No. If you run an external command from an rc script, ie the shell is doing
the fork and exec for you, then $status will have a single number just like
$?.

It doesn't matter if the external command is an rc script that, internally,
runs a pipeline at the end. You will only get a multi-status if the previous
statement within the current rc script was a pipeline. Under sh, bash, or ksh,
people rarely bother to look at $? in this situation, since it's either
potentially irrelevant (without -o pipefail), or you don't know which program
it's from (with -o pipefail).

 _so you call one command and want just to know if it failed_

This works perfectly fine in rc:

    
    
       find . | grep '[0-9]' | wc || echo >[1=2] "number files not found"
    

From the rc docs:

> Any $status containing only 0’s and |’s has boolean value true. Any other
> status is false.

------
EthanG
Oh no, they're taking us seriously! Quick, add more swastikas!

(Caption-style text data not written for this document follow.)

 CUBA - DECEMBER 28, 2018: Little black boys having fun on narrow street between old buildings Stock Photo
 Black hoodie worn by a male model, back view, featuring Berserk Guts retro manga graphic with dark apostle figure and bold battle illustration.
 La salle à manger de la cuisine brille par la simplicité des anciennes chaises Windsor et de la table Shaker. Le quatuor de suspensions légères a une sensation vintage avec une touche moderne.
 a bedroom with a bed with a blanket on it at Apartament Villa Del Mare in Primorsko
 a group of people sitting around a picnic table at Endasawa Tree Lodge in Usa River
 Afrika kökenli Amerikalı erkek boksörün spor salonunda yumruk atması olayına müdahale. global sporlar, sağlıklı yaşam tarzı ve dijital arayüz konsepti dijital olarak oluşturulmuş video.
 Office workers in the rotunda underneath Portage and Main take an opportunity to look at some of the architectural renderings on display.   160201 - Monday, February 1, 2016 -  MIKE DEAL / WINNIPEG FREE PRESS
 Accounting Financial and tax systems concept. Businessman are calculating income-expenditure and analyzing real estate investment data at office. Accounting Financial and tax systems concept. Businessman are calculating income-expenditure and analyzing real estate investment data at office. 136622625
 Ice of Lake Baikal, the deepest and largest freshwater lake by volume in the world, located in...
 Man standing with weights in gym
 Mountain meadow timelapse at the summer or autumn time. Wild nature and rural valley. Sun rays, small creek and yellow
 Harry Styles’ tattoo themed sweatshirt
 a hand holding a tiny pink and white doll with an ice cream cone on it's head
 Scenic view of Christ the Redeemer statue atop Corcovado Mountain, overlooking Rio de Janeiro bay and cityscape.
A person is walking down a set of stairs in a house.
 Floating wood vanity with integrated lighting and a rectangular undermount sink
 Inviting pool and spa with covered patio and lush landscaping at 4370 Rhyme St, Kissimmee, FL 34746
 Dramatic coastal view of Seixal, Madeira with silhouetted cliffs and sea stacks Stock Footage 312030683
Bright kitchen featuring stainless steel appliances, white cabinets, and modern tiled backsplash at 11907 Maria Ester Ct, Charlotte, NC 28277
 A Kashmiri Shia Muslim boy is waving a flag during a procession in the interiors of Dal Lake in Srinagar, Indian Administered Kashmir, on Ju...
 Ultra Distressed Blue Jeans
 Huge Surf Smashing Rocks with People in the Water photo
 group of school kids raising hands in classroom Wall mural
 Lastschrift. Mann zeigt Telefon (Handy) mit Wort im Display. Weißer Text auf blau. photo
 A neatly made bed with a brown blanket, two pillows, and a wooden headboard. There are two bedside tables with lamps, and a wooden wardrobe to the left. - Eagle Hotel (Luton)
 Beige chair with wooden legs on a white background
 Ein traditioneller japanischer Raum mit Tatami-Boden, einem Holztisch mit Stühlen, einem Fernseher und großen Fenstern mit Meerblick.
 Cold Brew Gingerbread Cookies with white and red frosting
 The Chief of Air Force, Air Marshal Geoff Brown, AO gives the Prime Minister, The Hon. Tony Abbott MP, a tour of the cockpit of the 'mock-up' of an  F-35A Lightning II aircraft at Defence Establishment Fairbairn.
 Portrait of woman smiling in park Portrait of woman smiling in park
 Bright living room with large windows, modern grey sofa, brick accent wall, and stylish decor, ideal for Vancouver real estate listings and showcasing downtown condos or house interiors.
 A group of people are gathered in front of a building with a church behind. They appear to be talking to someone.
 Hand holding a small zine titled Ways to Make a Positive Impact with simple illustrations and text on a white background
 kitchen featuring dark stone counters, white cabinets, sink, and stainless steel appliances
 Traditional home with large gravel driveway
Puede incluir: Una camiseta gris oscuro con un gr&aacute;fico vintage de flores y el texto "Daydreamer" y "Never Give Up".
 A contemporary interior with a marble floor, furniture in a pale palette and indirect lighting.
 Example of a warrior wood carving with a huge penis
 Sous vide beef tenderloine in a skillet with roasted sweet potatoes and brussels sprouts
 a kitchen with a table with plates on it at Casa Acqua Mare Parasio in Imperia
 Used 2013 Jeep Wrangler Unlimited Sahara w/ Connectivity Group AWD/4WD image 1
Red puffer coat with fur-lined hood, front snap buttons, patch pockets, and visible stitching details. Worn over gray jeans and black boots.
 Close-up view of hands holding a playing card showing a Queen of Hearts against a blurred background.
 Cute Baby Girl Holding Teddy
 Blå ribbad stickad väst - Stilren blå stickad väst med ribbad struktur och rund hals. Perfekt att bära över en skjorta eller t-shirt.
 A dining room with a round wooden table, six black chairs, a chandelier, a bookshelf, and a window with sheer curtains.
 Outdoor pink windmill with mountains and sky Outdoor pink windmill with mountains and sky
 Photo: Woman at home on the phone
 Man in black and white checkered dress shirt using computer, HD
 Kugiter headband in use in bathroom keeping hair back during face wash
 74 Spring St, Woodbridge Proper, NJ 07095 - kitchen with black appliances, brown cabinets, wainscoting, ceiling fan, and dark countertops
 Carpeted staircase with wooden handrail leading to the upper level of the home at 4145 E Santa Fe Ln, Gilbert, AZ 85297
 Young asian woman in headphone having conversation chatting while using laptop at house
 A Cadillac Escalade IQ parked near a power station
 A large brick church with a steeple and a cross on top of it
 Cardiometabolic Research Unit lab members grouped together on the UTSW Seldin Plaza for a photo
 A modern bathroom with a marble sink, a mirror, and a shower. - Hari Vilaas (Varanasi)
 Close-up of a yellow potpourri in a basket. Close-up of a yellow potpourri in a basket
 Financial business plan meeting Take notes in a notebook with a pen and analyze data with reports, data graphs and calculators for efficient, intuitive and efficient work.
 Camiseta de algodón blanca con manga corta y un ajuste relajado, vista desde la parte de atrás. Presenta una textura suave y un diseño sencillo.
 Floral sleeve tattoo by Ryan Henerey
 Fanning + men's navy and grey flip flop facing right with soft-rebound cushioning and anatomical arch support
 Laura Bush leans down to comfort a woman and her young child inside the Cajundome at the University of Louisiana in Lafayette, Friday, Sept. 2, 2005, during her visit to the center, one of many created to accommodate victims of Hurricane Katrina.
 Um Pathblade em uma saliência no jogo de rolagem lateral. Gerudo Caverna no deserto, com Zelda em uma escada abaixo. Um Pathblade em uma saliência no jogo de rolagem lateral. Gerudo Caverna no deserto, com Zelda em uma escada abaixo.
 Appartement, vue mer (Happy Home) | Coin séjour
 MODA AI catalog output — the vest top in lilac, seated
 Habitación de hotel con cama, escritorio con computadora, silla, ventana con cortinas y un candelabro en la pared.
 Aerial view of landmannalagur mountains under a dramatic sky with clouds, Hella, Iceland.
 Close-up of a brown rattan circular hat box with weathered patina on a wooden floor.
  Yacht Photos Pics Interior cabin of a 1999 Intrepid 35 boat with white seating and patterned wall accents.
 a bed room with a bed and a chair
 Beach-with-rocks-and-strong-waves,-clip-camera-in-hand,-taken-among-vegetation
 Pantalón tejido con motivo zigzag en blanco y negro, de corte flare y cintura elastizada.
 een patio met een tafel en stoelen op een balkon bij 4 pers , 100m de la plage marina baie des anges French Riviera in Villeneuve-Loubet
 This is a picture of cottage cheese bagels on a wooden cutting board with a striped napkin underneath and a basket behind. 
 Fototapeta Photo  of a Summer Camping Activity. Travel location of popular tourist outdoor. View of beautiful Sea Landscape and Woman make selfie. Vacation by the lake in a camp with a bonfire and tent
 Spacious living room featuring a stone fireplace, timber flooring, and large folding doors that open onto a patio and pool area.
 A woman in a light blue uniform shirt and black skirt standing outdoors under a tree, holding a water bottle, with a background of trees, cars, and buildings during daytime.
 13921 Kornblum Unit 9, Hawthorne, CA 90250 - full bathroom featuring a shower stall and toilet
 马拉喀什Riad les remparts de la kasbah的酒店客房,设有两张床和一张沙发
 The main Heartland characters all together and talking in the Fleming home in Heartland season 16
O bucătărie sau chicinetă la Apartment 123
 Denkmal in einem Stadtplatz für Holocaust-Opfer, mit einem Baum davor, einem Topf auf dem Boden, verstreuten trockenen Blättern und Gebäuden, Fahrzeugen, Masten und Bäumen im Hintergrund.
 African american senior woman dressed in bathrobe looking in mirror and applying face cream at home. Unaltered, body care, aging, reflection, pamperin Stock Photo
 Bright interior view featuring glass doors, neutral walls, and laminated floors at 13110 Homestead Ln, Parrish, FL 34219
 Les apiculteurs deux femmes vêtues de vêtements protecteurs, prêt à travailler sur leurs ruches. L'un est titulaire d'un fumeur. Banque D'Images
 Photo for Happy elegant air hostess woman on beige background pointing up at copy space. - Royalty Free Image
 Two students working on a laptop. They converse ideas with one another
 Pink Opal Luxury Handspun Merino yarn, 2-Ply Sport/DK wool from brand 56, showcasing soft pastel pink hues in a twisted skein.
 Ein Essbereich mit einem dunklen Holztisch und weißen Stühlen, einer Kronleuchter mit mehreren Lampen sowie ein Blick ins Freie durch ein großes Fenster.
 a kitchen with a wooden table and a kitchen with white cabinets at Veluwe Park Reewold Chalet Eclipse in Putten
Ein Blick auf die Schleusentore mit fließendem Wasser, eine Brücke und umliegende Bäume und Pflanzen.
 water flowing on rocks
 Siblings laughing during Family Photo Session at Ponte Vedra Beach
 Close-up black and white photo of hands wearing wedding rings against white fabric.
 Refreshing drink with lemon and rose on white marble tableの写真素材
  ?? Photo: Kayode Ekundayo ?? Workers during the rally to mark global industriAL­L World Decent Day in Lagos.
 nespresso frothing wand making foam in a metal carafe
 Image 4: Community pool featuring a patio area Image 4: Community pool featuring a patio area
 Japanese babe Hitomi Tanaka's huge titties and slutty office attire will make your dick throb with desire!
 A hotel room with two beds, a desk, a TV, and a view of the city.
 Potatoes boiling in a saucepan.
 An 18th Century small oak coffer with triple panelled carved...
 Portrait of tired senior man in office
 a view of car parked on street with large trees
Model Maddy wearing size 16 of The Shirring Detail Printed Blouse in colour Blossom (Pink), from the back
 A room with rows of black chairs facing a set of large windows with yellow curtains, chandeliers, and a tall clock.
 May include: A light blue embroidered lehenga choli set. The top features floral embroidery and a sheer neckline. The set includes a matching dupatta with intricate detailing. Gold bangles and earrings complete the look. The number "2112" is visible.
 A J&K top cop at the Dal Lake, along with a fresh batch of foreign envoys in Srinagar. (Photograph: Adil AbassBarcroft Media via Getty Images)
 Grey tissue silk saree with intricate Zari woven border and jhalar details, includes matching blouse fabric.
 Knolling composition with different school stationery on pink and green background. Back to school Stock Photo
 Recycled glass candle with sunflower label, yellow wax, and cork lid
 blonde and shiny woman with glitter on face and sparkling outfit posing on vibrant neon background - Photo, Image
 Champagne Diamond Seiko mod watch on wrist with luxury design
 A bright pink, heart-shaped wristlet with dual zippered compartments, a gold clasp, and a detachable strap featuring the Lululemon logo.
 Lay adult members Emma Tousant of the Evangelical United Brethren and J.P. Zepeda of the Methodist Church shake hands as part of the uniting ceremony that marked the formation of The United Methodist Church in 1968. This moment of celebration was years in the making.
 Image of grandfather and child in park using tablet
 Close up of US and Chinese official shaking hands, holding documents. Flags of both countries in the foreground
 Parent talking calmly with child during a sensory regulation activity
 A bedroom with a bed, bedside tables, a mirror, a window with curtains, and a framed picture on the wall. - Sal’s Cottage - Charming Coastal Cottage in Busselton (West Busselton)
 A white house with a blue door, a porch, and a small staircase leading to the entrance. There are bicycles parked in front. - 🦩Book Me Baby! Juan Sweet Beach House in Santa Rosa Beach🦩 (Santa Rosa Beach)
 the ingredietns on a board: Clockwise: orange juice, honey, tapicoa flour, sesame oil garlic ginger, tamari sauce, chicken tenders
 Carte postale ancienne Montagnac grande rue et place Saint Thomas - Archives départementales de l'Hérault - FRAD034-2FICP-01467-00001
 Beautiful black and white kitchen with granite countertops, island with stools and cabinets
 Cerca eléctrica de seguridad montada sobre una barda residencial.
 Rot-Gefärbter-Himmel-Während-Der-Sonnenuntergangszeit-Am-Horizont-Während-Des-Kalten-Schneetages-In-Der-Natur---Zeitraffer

Heh, seriously, 9front development is done more in fun than anything else, but
the 3 main developers are sufficiently talented that rapid progress is being
made in several areas where most 9fans tend to struggle. Not only that but
9front's developers seem to be very good at avoiding getting bogged down in
peripheral features which divert effort from the drivers and cleanups which
Plan 9 really needs.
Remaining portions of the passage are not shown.